Holoprosencephaly (HPE) is the most common structural malformation of the developing forebrain. At birth, nearly 50% of children with HPE have cytogenetic anomalies. Approximately 20% of infants with normal chromosomes have sequence mutations in one of the four main HPE genes (SHH, ZIC2, SIX3, and TGIF).

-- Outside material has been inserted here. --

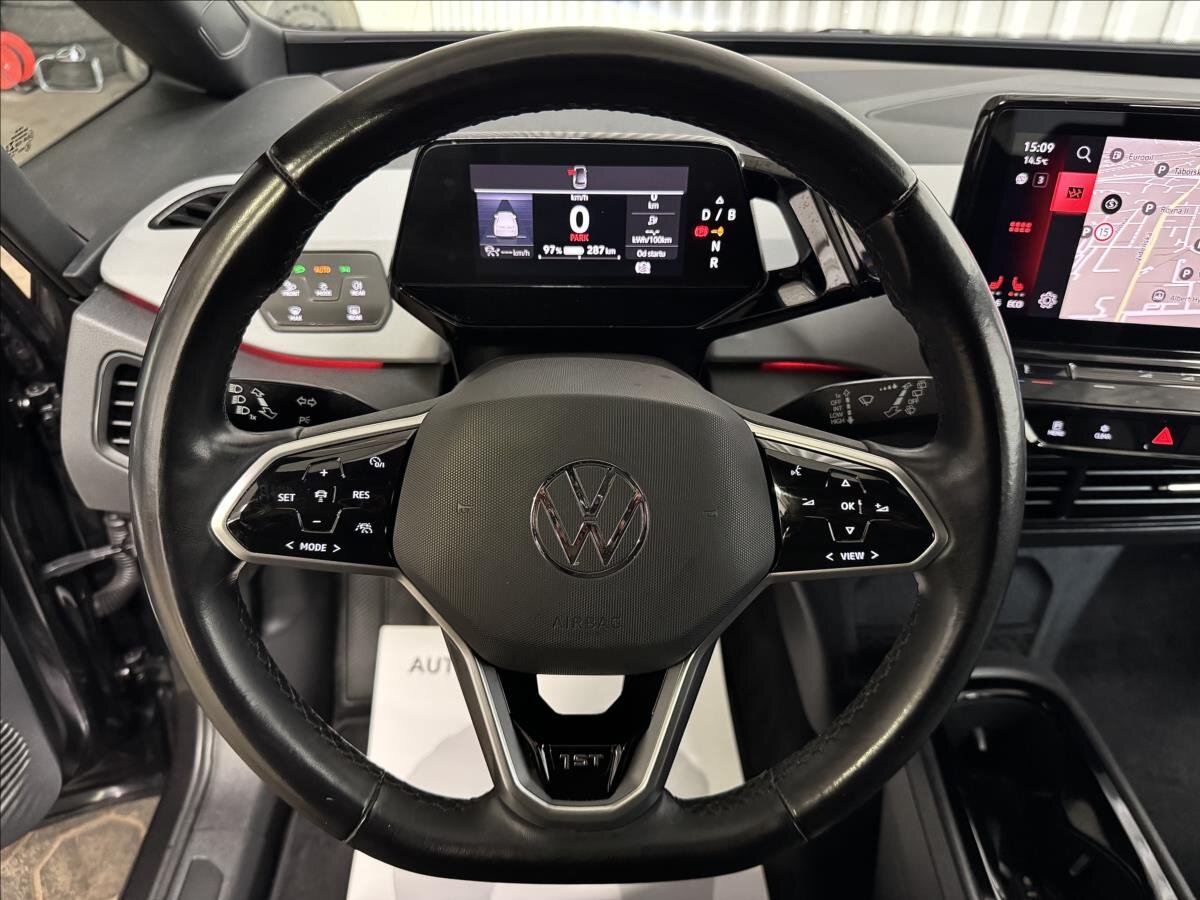 Volkswagen ID.3 Hatchback 0,0 150 kw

The other non-syndromic forms of HPE may be due to environmental factors or mutations in other genes, or potentially due to submicroscopic deletions of HPE genes. We used two complementary assays to test for HPE associated submicroscopic deletions. Firstly, we developed a multicolour fluorescent in situ hybridisation (FISH) assay using probes for the four major HPE genes and for two candidate genes (DISP1 and FOXA2). We analysed lymphoblastoid cell lines (LCL) from 103 patients who had CNS findings of HPE, normal karyotypes, and no point mutations, and found seven microdeletions. We subsequently applied quantitative PCR to 424 HPE DNA samples, including the 103 samples studied by FISH: 339 with CNS findings of HPE, and 85 with normal CNS and characteristic HPE facial findings. Microdeletions for either SHH, ZIC2, SIX3, or TGIF were found in 16 of the 339 severe HPE cases (that is, with CNS findings; 4.7%). In contrast, no microdeletion was found in the 85 patients at the mildest end of the HPE spectrum. Based on our data, microdeletion testing should be considered as part of an evaluation of holoprosencephaly, especially in severe HPE cases.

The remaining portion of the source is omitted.